Task to carry out: With the pictures omitted, set down exactly the lines from the one that contains "37 Deakin Street, Beulah VIC 3395" through the last line of the data.
"""
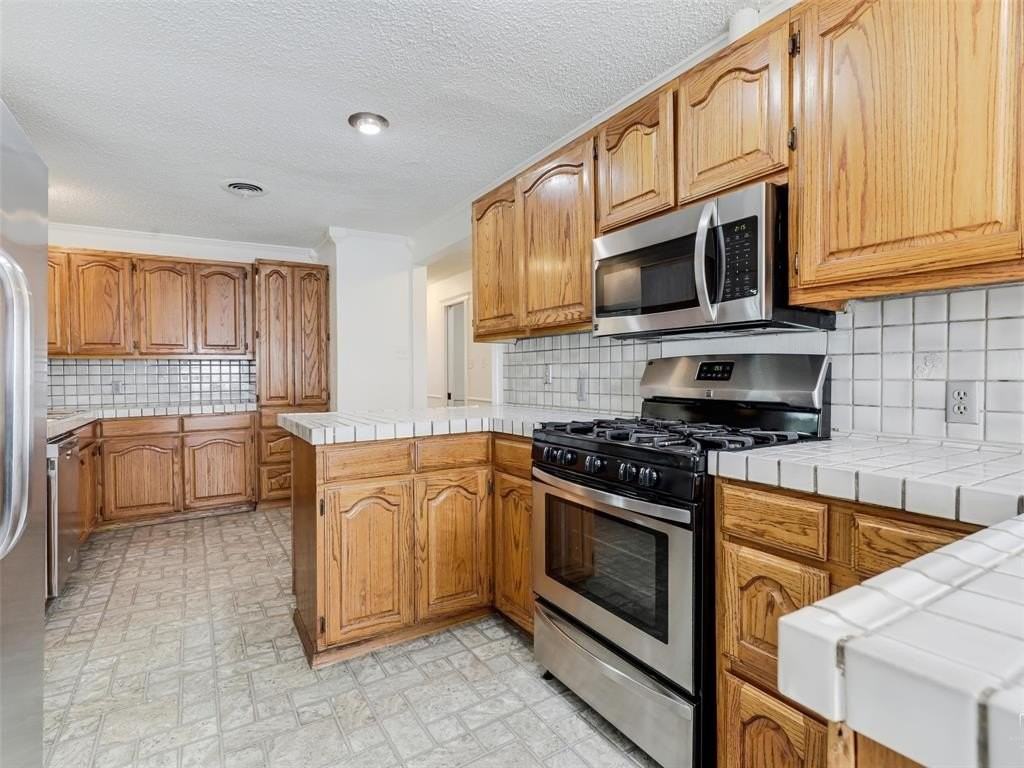 14025 Janwood Ln - Photo 3 of 21
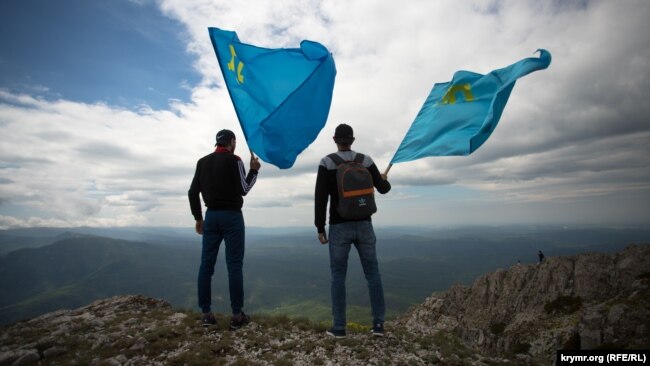 Восхождение в память о депортации. Крымские татары поднялись на Чатыр-Даг (фотогалерея)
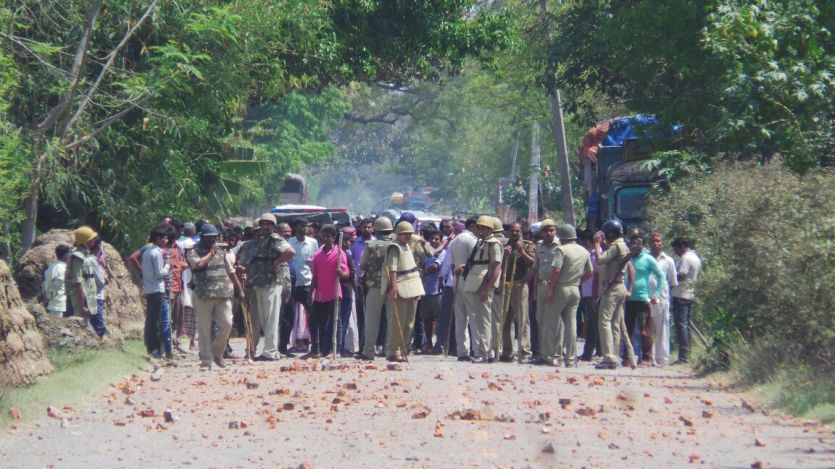 uproar in azamgarh आजमगढ़ में रंग डालने पर बवाल, दो समुदायों में पथराव, स्थिति बेकाबू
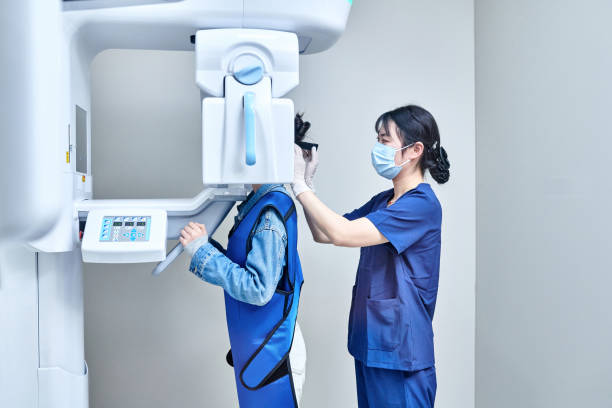 Best Emergency Gum Treatment in Bowling Green, MO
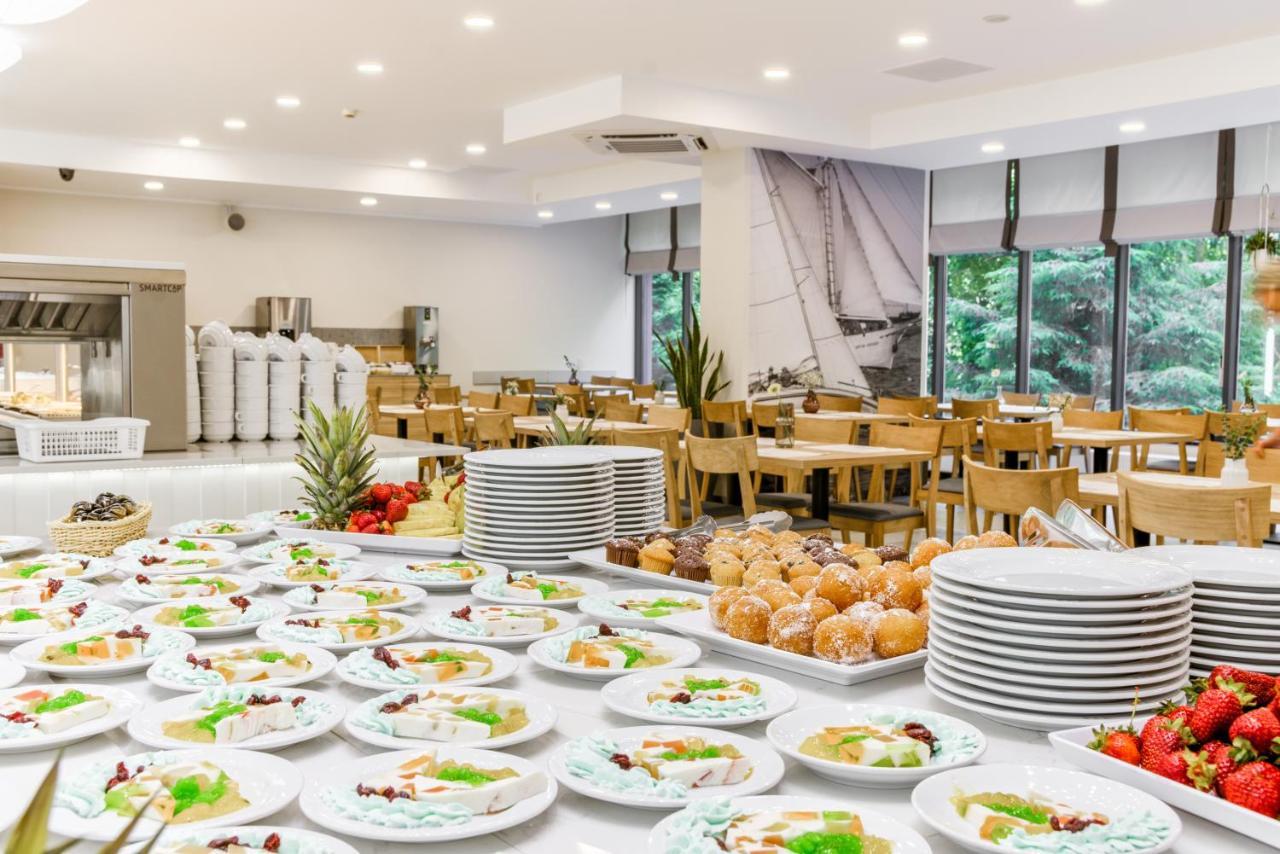 Centrum Zdrowia I Wypoczynku Ikar Kolobrzeg Ngoại thất bức ảnh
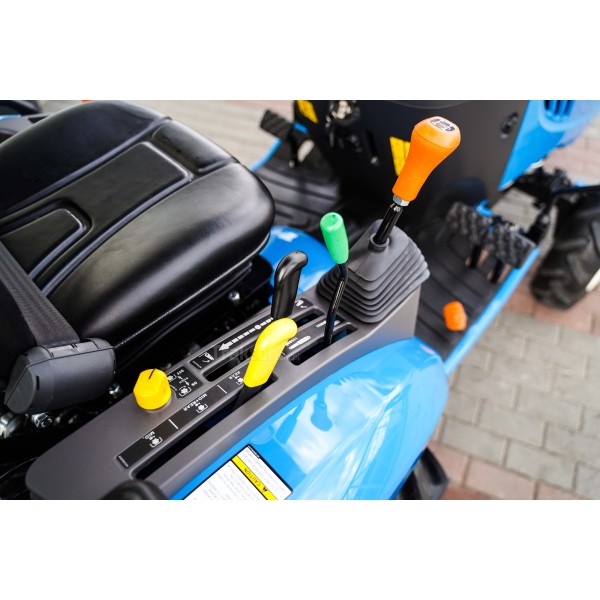 Tractor LS XJ25 MEC con visera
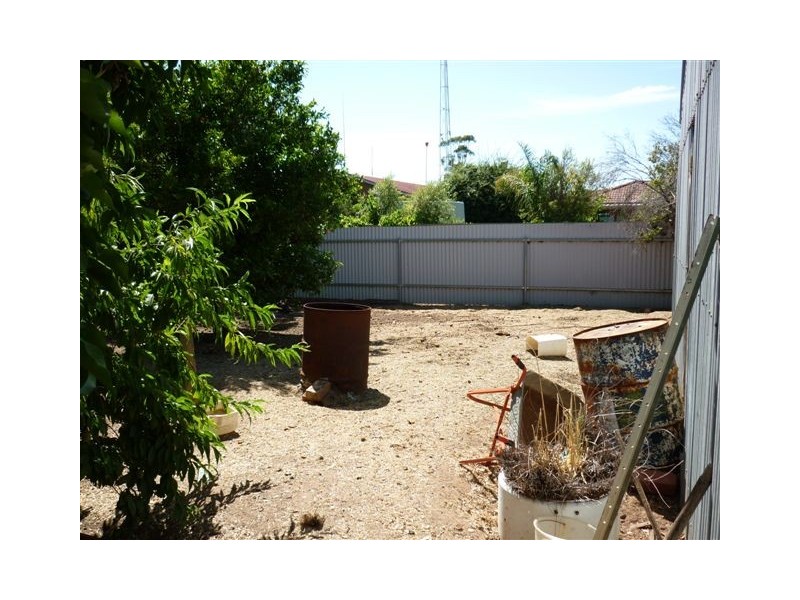 37 Deakin Street, Beulah VIC 3395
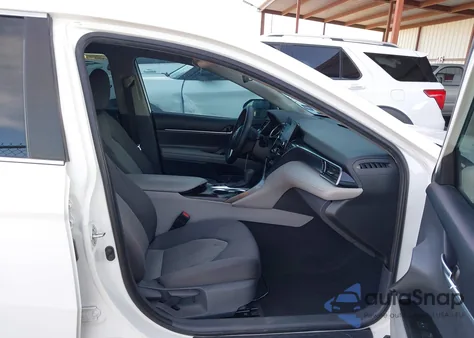 2021 Toyota Camry Le Hybrid z USA, uszkodzony, nr VIN 4T1C31AK3MU560440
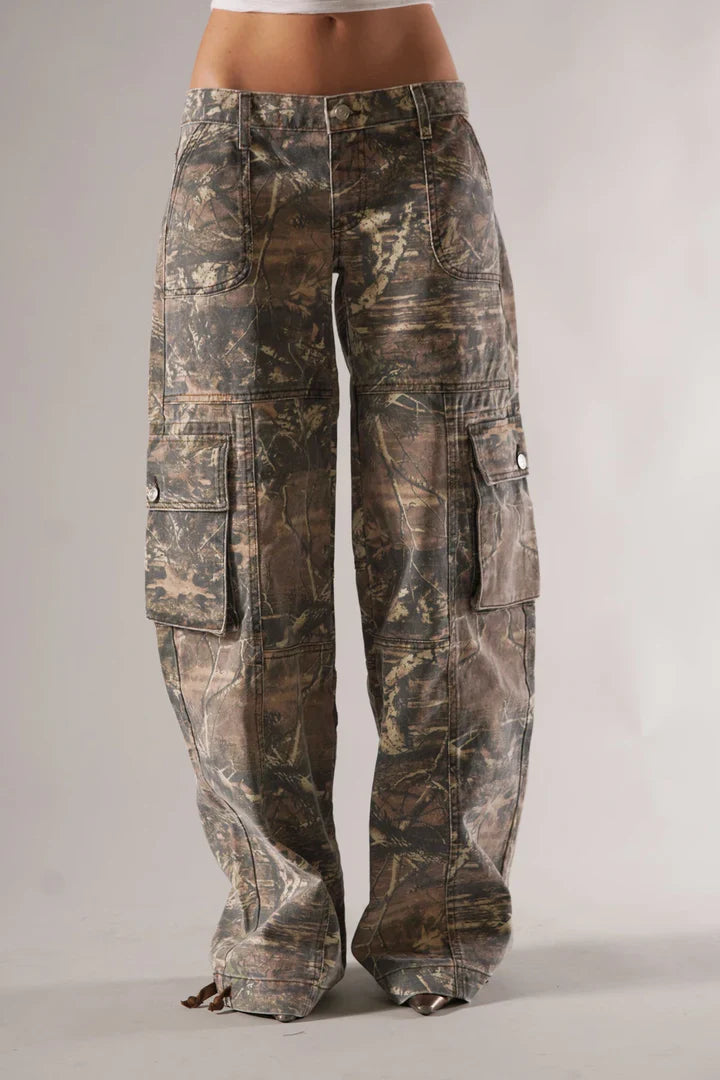 Camouflage-Cargohose mit weitem Bein - Ella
"""
Your response:
 37 Deakin Street, Beulah VIC 3395
 2021 Toyota Camry Le Hybrid z USA, uszkodzony, nr VIN 4T1C31AK3MU560440
 Camouflage-Cargohose mit weitem Bein - Ella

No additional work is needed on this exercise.